A pesar de todo, se sigue viendo, en las iglesias y por las calles, mendigos que imploran la caridad, a veces exigiendo. Son personas jóvenes; van bien vestidos, ya no piden una limosna por Dios:

—¡Dame para un cafelillo!

Otros:

—¡Dame para un bocadillo! —éstos, menos radicales—.

Si les das dinero, mejor que mejor. En plena recolección de aceituna, me he topado con gente joven que ejercía la mendicidad, mientras los patronos aceituneros se las veían y se las deseaban para encontrar gente para formar una cuadrilla. He visto casos muy concretos: personas que te han pedido una limosna en un lugar y, después, a esa misma persona la he visto fumándose un habano, sentada en una terraza, saboreando una rubia cerveza fresca.

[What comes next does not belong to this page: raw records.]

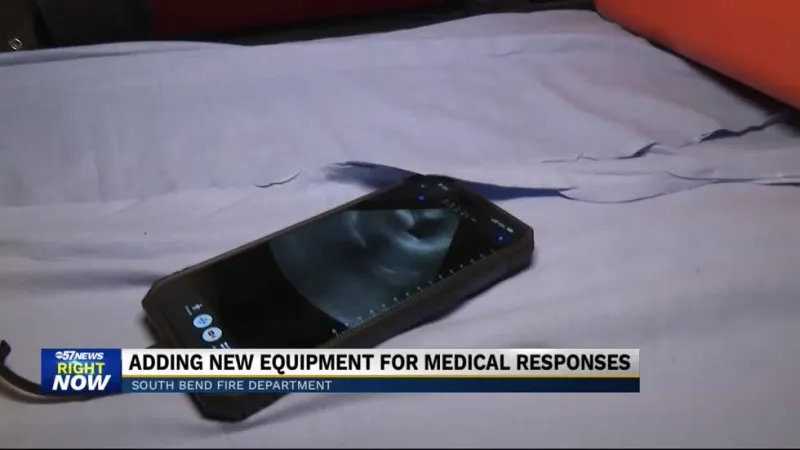SBFD soon implementing new ultrasound device when responding to medical emergencies
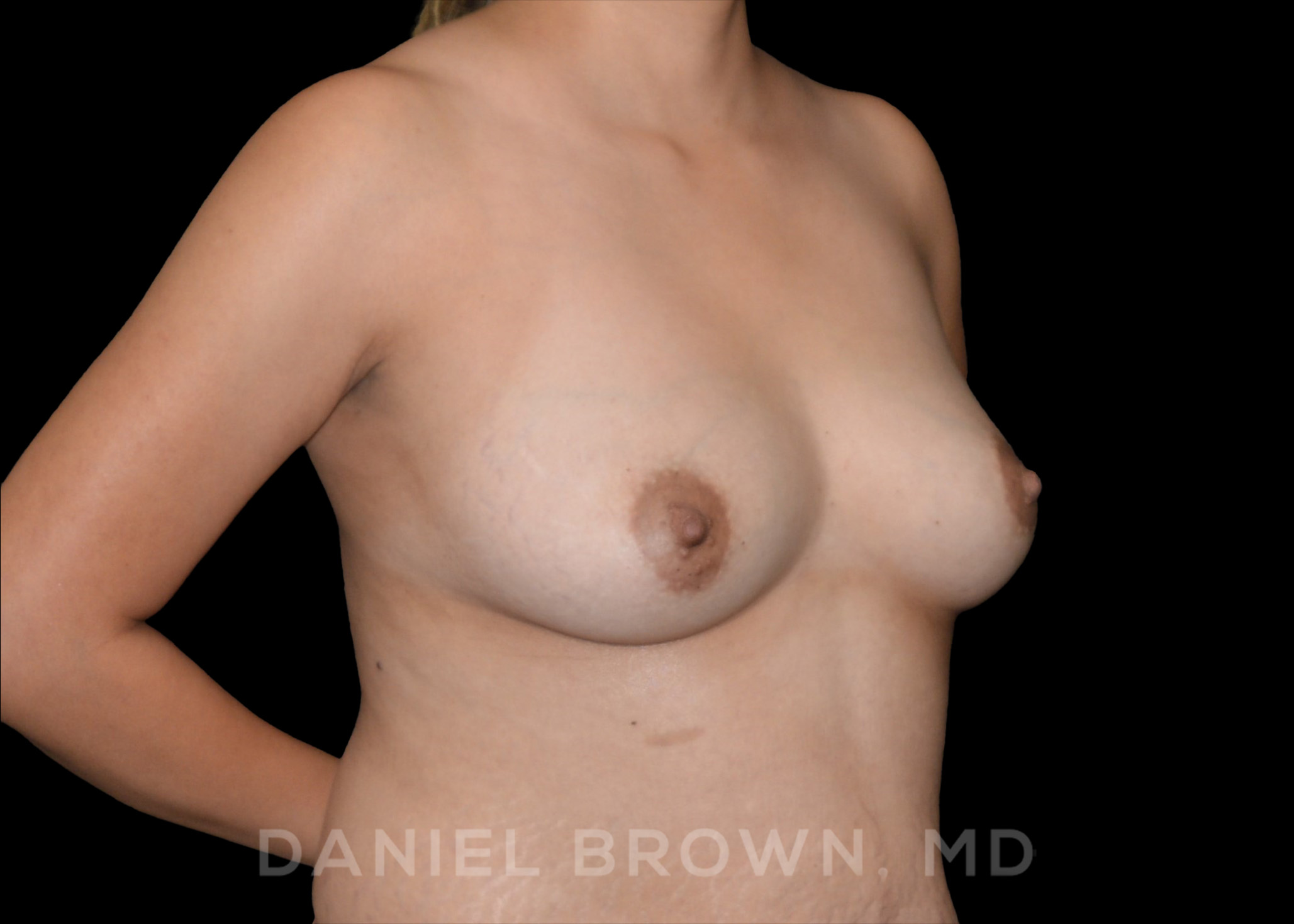 Fat Transfer Patient Photo - Case 2044 - before view-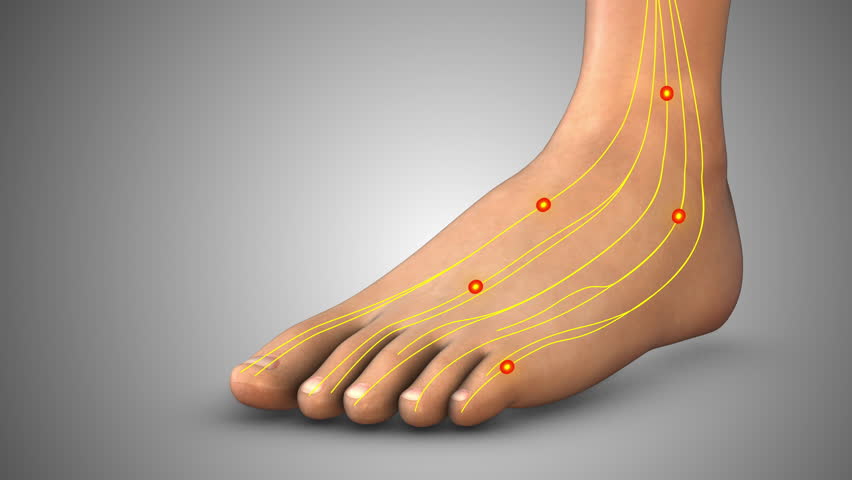 Numbness and tingling in foot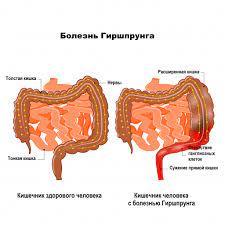 Болезнь Гиршпрунга, болезнь толстой кишки, запоры, гастроэнтеролог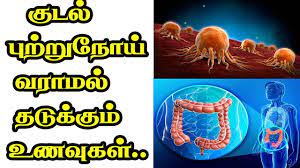 Doctors diagnose stomach cancer with a physical exam. à®µà®¯ à®± à®± à®ª à®± à®± à®¨ à®¯ à®µà®° à®µà®¤à®± à®• à®© à®…à®± à®• à®± à®•à®³ à®‡à®µ à®•à®³ à®¤ à®© Stomach Cancer Symptoms Causes In Tamil Youtube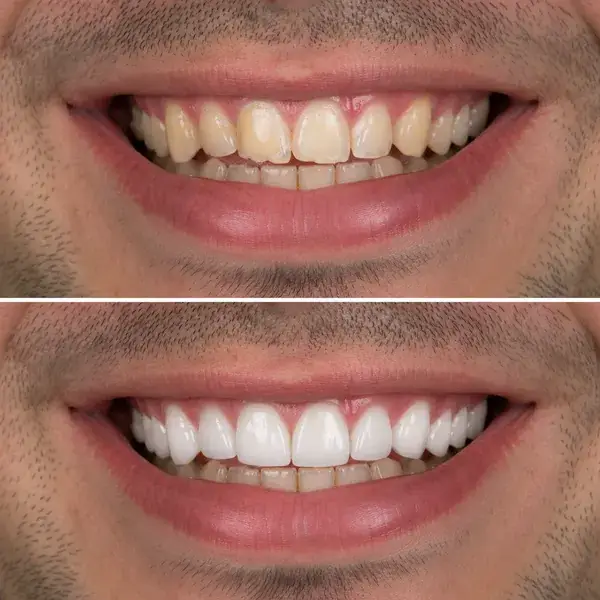 Porcelain veneers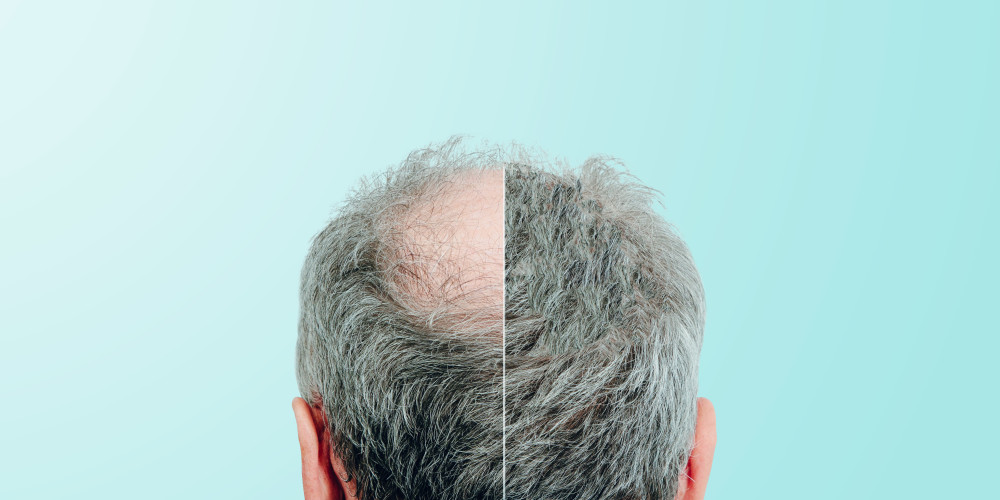 The Price of Hair Restoration - Prejuvenation Article Banner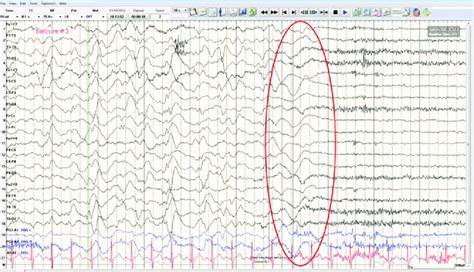 Electroencephalography (EEG) showed generalized slowing and multifocal... | Download Scientific ...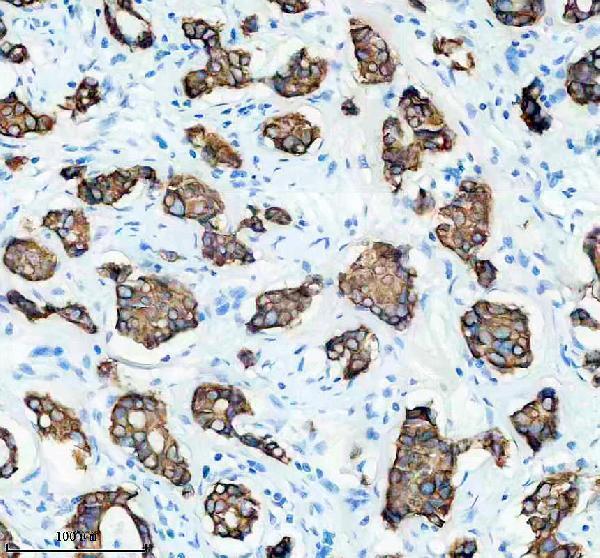 m02101 1 krt19 primary antibodies ihc testing 1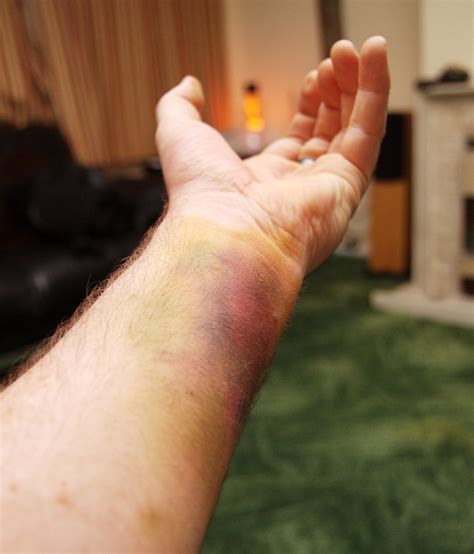 The Symbolic Power of Dreams: Exploring the Significance of a Bruised Wrist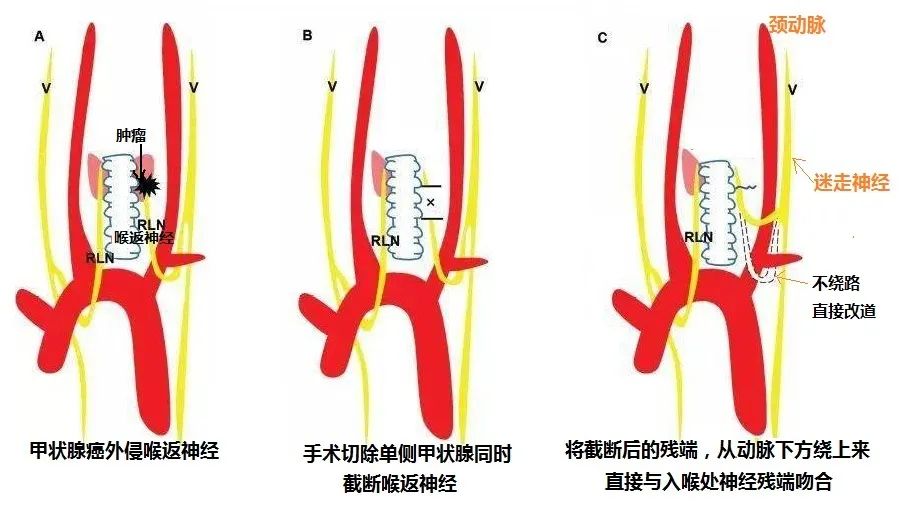 新技术！河南省肿瘤医院专家巧破复杂甲状腺癌术后失声难题
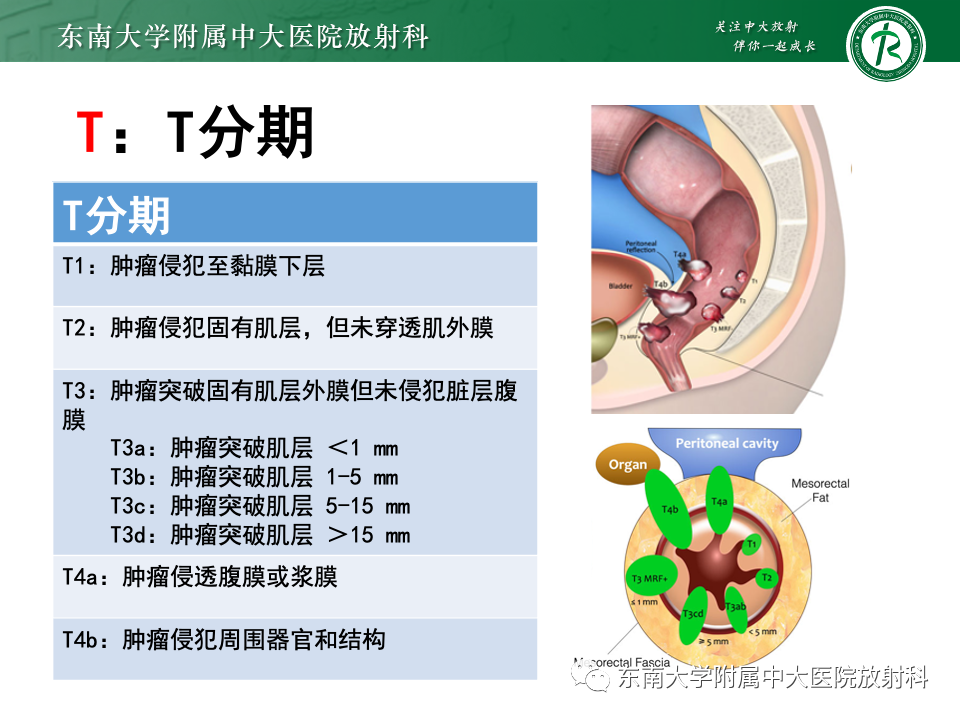 影像PPT - 【PPT】直肠癌影像学诊断与分期-17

Yo opino que hay unas organizaciones humanitarias que están al tanto de los problemas que hay en nuestra sociedad y que palian lo mejor que pueden esos problemas que, a pesar de todo, surgen.

Si quiere contribuir con su óbolo a esas organizaciones de caridad, hágalo; pero no por su cuenta, pues de esa manera es contribuir al desarrollo de la picaresca, que es una forma lucrativa de la mendicidad de hoy.